Please let me know what you think of Warrior's Dance... For more info, visit http://www.warriorsdance.com or check out my recent 5 minute Demonstration here: 



 Have fun... good luck in your training... Watch for more dynamic kicking and striking toward the end of the video...
*David Lader *


----------



## Koshiki (Sep 26, 2013)

Something I have NEVER seen before. I must admit, it was beautiful and very physically impressive, but I found it somehow slightly unsettling to watch. I think it was the constant sense of *almost* familiarity of so many standard martial arts movements, that seem to break, or crumble, or flow into something not martial at all, very much dance. It's like, "oh, that's a, no it isn't. Aha, just like in... something else. Look at that, he's about to... ripple upwards?" Like those hyper-realistic dreams of very familiar places, where there's just something not true to life that you can never quite isolate...

Fascinating, to say the least.

Many thanks for sharing.


----------



## geezer (Oct 14, 2013)

Zack's response expresses my view as well. Beautiful and skilled as dance (although I haven't the background to offer a critique in that field), wonderfully fluid and athletic, but oddly lacking in _martial_ quality. The  martial movements are there, yet they are not martial in feel. I see kicks that are fast and crisp, but not explosive, focused ...or _fierce_. Similarly, there are punches and strikes that have speed and precision ...but do not convey any sense of explosive release of energy or _fa jin. _In all the martial arts whether hard or soft, there are culminating moments when body movements all come together in a synergistic _sense of purpose. _A functional purpose.

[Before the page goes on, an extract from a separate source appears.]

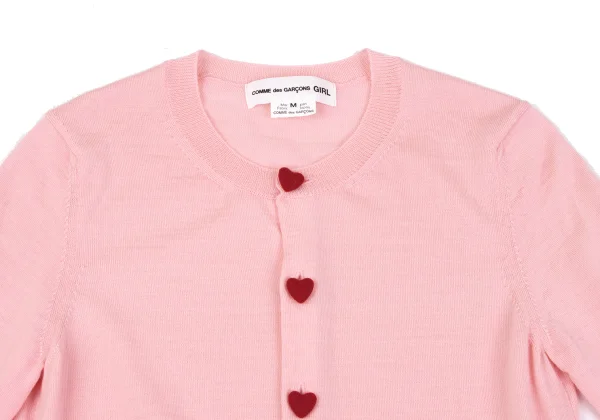 COMME des GARCONS GIRL Heart Button Wool Knit Cardigan K-164081_003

There are many points where this dance seems to lead in that direction only to deviate into a non-functional, aesthetic flourish. Perhaps that's your intent?


----------



## clfsean (Oct 14, 2013)

Well... it's a dance. I can say that about it nicely.


----------



## Tony Dismukes (Oct 14, 2013)

I have to agree with the others.  It's impressive as dance.  I don't mean that dismissively - I'm very respectful of dancers and I don't have the skill to move that way.  However I don't see anything more than the most superficial connection to martial arts.


----------



## David Lader (Oct 26, 2013)

Thank you for your extremely thoughtful and beautifully written response...very artistic and "poetic" in your own right...

I appreciate your feedback and impressions of Warrior's Dance (you were also clever, witty, and, at the same time respectful...)

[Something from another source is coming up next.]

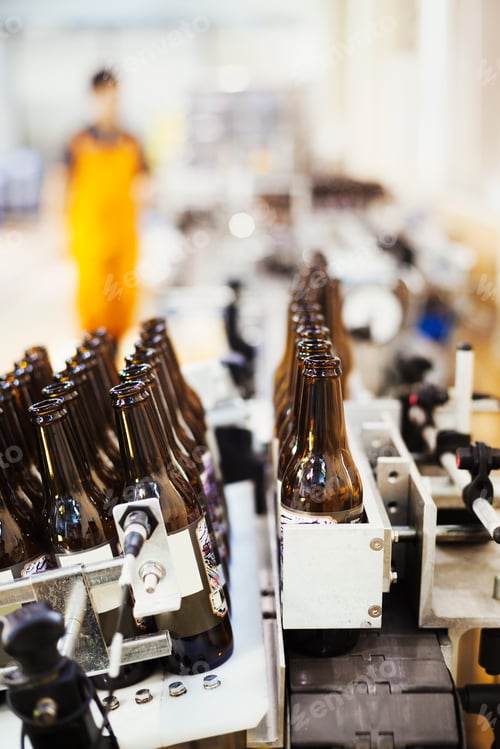 Preview: Bottle filling machine in a brewery.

Warrior's Dance, as you see it performed here, is certainly much more of a dance piece than a martial arts demonstration.  In our studio, we train our bodies very intensely to develop our core strength, flexibility, muscle stamina, and most of all, coordination.  What we ultimately "coordinate," however, are extremely powerful, fast, and "explosive" techniques that are genuinely applicable to combat.  We often use rhythm, music, and dance movements to relax, develop timing, and have fun (while our bodies often scream in pain). 

Warrior's Dance, in its actual practice, is not a martial arts dance - rather, it is a very serious martial art that employs various dance techniques and play to "open up students" to relax the correct muscles enough to move with great speed and focus.  We continually examine, and raise awareness to, striking surfaces (weapons) on our own bodies as well as specific targets on the bodies of our adversary... 

While I have a long history of having competed within the context of more traditional martial arts (forms, weapons, self-defense, breaking, sparring, etc...), in the Warrior's Dance system, we have little interest in sport-fighting.  Our focus is on self-defense and wellness (integrated, functional movement, to be more specific).  Many of us participate for spiritual and artistic reasons as well (myself included), though I appreciate this does not distinguish us from countless other martial systems and students.

When we "put it all together" in the form of an artistic choreography, it is, as you have so aptly noticed, a playful shadow of its true potential...  When I consider the many traditional forms I've mastered through the years, in all of their "snappy", brutal, and precise power, they, too, were profoundly unrealistic in countless ways...  I can also tell you that at 50 years old, while I am far less "tough" than I was as a 20 year old Tae Kwon Do player, I am a more powerful, accurate, and functionally integrated martial artist today...  My forms impressed "back in the day," though I only now realize how remarkably empty my "core" was at the time.  Most of it was show.  Today, though our movements can be beautiful and "fluid," there is no "pretending" permitted in our training sessions...  The proper biomechanics of true martial artists is timeless and difficult... Peace to you.  Train well, and thanks again for visiting.


----------



## geezer (Oct 28, 2013)

David Lader said:


> Warrior's Dance, as you see it performed here, is certainly much more of a dance piece than a martial arts demonstration...
> 
> Warrior's Dance, in its actual practice, is not a martial arts dance - rather, it is a very serious martial art that employs various dance techniques...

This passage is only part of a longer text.